(Supplied data begins)

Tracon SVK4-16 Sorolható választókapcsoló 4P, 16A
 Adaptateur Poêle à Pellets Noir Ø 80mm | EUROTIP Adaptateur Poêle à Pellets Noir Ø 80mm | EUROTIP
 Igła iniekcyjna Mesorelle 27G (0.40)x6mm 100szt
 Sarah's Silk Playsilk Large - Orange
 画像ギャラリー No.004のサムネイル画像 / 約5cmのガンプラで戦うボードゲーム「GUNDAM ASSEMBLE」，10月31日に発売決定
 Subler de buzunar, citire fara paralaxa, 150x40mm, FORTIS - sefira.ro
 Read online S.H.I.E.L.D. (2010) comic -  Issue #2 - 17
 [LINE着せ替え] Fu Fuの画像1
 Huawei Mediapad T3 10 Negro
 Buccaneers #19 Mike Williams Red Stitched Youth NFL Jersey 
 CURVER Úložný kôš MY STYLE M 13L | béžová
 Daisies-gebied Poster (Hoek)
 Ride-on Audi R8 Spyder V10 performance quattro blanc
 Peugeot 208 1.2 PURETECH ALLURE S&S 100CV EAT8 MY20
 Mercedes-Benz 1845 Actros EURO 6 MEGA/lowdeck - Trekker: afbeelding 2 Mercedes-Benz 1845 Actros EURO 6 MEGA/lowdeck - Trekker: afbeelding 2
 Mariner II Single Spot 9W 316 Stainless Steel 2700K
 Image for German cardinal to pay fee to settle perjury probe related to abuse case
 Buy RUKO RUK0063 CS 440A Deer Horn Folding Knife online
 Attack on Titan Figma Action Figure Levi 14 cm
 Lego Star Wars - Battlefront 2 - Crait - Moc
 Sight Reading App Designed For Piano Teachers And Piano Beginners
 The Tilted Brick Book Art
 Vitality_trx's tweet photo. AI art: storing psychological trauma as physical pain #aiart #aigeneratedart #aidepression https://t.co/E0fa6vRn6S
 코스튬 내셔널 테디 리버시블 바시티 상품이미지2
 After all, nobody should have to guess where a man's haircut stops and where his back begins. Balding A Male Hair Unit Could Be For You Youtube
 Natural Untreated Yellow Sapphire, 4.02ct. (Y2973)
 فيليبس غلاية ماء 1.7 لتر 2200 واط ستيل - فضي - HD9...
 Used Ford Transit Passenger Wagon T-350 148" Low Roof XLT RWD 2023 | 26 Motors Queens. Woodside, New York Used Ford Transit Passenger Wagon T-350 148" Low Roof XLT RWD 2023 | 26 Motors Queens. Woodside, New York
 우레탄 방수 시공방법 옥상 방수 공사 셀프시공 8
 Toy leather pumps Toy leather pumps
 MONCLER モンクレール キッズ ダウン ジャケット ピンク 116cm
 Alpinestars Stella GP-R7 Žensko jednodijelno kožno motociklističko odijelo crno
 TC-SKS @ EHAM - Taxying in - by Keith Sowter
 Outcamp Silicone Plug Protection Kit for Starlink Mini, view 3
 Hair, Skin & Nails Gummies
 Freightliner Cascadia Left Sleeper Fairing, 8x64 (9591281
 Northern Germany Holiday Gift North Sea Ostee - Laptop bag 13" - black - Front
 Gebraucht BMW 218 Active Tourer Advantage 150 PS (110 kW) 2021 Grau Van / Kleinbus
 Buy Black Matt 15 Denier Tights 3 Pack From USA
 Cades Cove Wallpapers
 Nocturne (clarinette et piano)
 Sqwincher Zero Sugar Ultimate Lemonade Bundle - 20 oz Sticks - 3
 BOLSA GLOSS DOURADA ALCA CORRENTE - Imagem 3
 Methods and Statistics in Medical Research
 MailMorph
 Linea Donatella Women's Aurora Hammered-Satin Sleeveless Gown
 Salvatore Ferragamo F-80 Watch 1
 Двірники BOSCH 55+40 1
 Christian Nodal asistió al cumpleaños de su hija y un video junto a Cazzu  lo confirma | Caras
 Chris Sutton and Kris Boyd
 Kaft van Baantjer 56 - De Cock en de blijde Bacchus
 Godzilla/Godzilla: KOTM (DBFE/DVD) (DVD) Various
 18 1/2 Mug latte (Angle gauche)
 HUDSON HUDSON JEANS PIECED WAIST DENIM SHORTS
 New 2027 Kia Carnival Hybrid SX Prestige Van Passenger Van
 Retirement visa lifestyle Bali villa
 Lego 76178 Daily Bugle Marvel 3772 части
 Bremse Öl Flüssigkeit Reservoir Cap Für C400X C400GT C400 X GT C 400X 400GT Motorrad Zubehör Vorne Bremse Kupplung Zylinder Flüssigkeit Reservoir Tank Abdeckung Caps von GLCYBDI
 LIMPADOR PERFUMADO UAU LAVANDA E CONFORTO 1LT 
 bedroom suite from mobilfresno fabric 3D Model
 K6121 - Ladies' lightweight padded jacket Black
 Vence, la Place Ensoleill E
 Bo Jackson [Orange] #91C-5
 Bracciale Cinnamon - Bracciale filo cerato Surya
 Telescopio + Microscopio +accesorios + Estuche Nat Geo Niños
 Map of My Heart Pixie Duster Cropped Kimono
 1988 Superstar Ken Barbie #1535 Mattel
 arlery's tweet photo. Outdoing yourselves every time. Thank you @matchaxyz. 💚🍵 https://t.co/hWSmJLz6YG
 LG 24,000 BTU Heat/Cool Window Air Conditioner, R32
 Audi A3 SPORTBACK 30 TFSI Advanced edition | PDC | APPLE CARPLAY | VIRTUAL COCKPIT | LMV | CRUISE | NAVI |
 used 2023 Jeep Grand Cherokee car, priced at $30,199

(Supplied data ends)

* What you are asked to do *
Lines in the entries above that hold "Orange" should be counted; give only that count.

* Output *
2